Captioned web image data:
*** Block opens ***
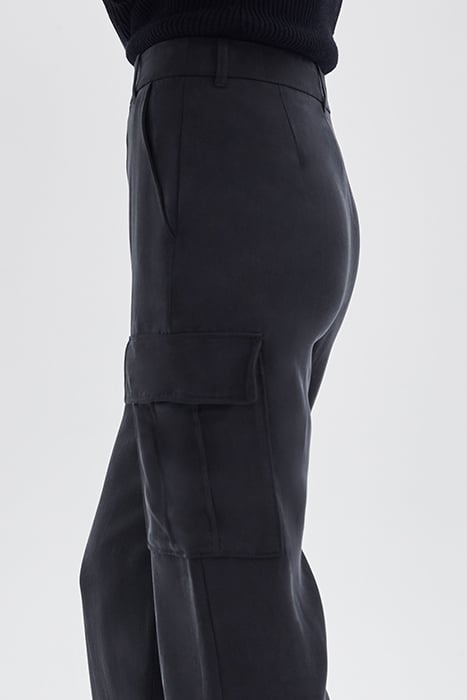 BLACK LYOCELL® HIGH-WAIST CARGO TROUSERS 5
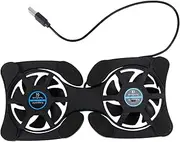 OSALADI Portable Foldable Laptop Cooler USB Power Dual Fans for Efficient Heat Dissipation Anti- Design Lightweight Notebook Cooling Mat Black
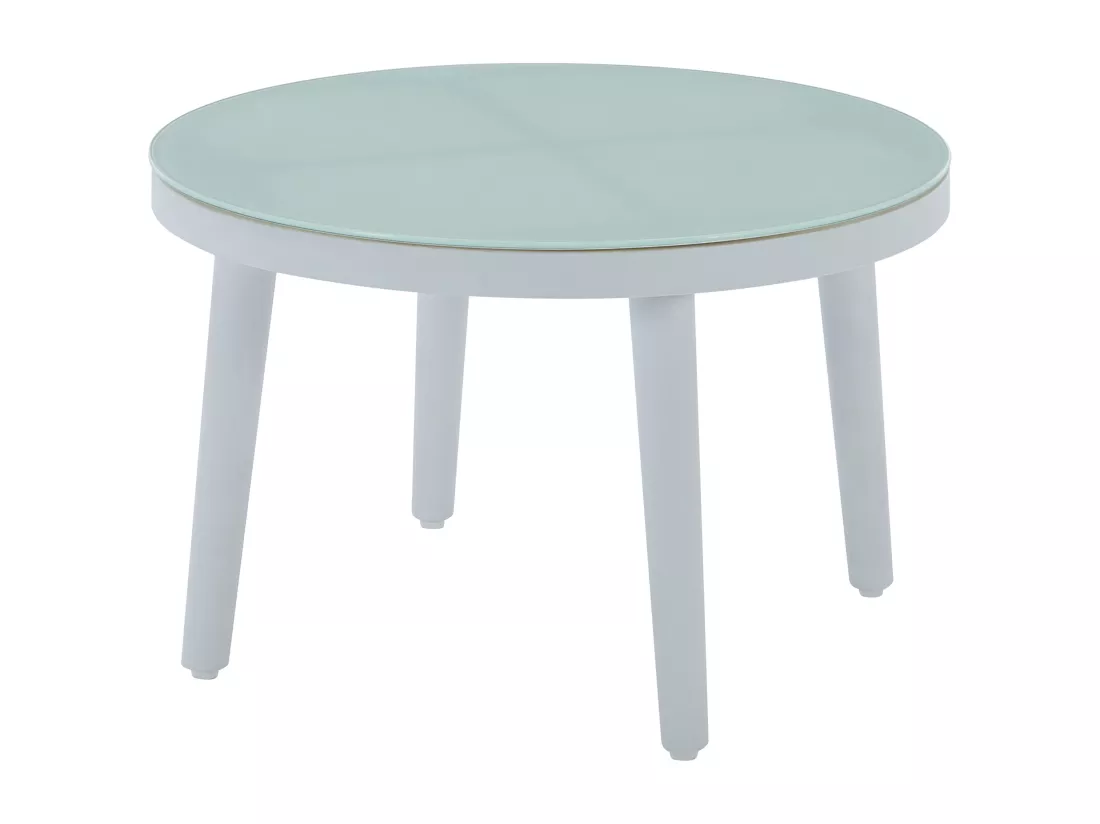 Salon de jardin en aluminium : canapé 2 places, 2 fauteuils et 2 tables basses - Blanc - KUTO de MYLIA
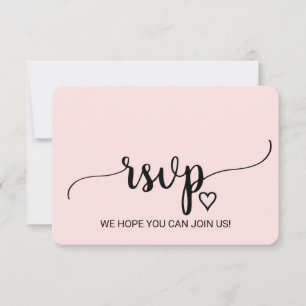 Rose Pâle Calligraphie Simple Réponse Mariage Site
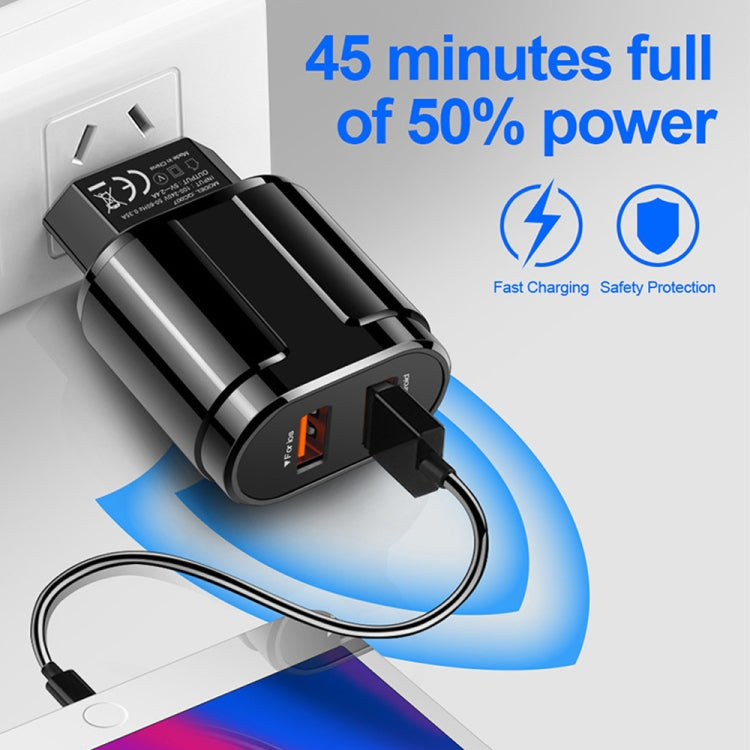 Dual USB Portable Travel Charger + 1 Meter USB to 8 Pin Data Cable, EU Plug(White) - USB Charger by PMC Jewellery | Online Shopping South Africa | PMC Jewellery | Buy Now Pay Later Mobicred
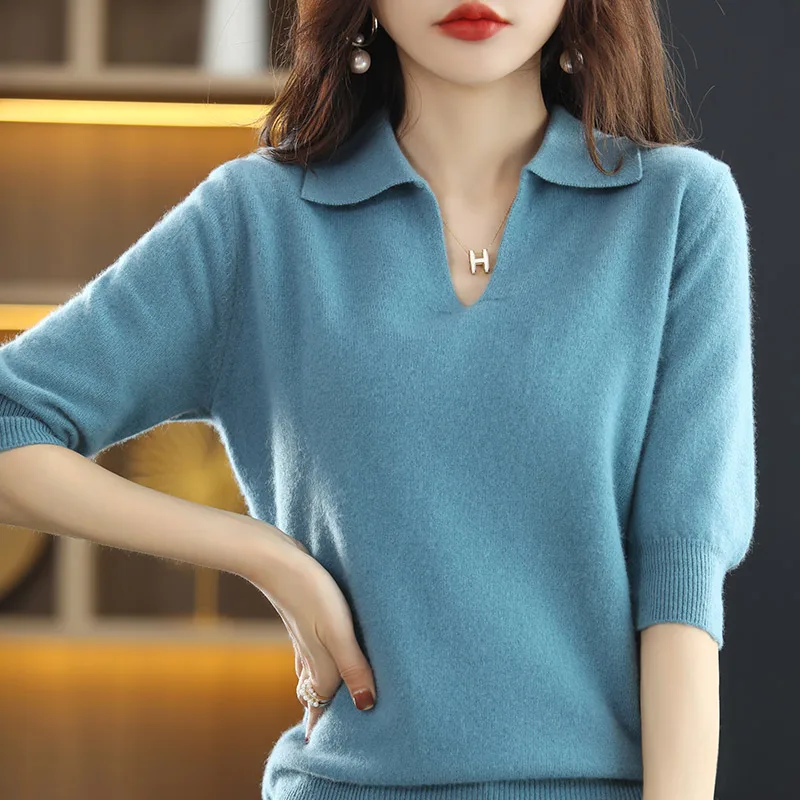 

BELIARST Spring and Summer New Women's V-neck Short-sleeved 100% Pure Wool Knitted Pullover Slim Five-point sleeve Tops T-shirt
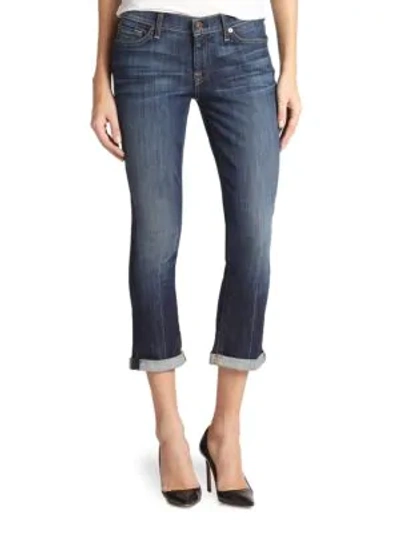Shop 7 For All Mankind Skinny Crop & Roll Jeans In Nouveau Blue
*** Block closes ***
WHAT IS NEEDED: Without the pictures, retype all of the data above exactly.

RESPONSE:
 BLACK LYOCELL® HIGH-WAIST CARGO TROUSERS 5
 OSALADI Portable Foldable Laptop Cooler USB Power Dual Fans for Efficient Heat Dissipation Anti- Design Lightweight Notebook Cooling Mat Black
 Salon de jardin en aluminium : canapé 2 places, 2 fauteuils et 2 tables basses - Blanc - KUTO de MYLIA
 Rose Pâle Calligraphie Simple Réponse Mariage Site
 Dual USB Portable Travel Charger + 1 Meter USB to 8 Pin Data Cable, EU Plug(White) - USB Charger by PMC Jewellery | Online Shopping South Africa | PMC Jewellery | Buy Now Pay Later Mobicred

BELIARST Spring and Summer New Women's V-neck Short-sleeved 100% Pure Wool Knitted Pullover Slim Five-point sleeve Tops T-shirt
Shop 7 For All Mankind Skinny Crop & Roll Jeans In Nouveau Blue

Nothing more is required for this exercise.